The SACP has reiterated its opposition to the Government of National Unity, describing it as a class collaboration between an elite group within the ANC and the DA who have forged to further undermine the tripartite alliance.

SACP general secretary Solly Mapaila, who has been vocal against the GNU, was briefing the media on Sunday after a meeting of the party’s central committee.

He said the highest decision-making structure denounced the ANC’s national officials for embracing the right-wing parties like the DA in the multi-party coalition government.

“The pursuit of the right-wing-including GNU coalition arrangement contradicted our position, shared at [the] alliance secretariat and political council briefing sessions, especially our rejection of coalition arrangements involving the DA and underpinned by a neo-liberal agenda,” Mapaila said.

He said the committee has resolved to mobilise support to oppose neo-liberal and other right-wing policies and forces both within and outside the GNU.

Mapaila said this should not be interpreted as an attack on its alliance partner, the ANC, but rather an opposition against a rightward shift in government policy and its composition.

“However, in no particular way does this mean that we must or will accept the wrong things propagated or advanced in the name of the ANC.

“To give practical effect to this immediately, the central committee strongly denounced the conduct of ANC national officials who, in seeking to justify their embrace of the right-wing and neo-liberal DA in the GNU coalition arrangement, embarked on misinterpreting facts about our party and general secretary, Solly Mapaila, also seeking to isolate him from the SACP,” Mapaila read from the committee statement.

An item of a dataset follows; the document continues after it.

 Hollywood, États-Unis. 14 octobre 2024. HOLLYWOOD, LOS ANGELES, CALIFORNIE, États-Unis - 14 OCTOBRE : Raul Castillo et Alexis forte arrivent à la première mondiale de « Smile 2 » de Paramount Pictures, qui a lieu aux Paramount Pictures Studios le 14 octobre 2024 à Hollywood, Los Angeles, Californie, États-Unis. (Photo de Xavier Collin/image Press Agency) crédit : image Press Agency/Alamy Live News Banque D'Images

He added that his public statements represented the views of the party and should not be incorrectly be described as “lone voice” as has been the case by ANC officials.

“We will not allow any person, regardless of their position, to export their factional opinions or conduct to the SACP. We will not allow our participation in alliance processes to be misinterpreted as participation in capitalist class consolidation projects,” said Mapaila.

On the reconfiguration of the alliance, which has been a thorny issue as far back as former president Jacob Zuma’s era, Mapaila said the ANC’s unilateral approach to major political and policy questions with partiers like the DA without reconfiguration, would undermine the alliance.

He said since the May elections, the alliance has not met to provide joint pragmatic direction for the manifesto commitments adopted by the alliance partners.

It had also not met to offer strategic collective leadership towards the government’s medium-term development plan for 2024 to 2029.

“The central committee strongly denounced and committed to develop a vanguard role in confronting the capitulation, along with other rightward shifts in or revisionist interpretations of our alliance’s shared commitments,” Mapaila said.

 “The socialist axis of the alliance can no longer rely solely on seeking reconfiguration from within. While continuing to build the vanguard character of the SACP, we will intensify efforts to forge a popular left front and build a powerful, socialist movement of the workers and poor.”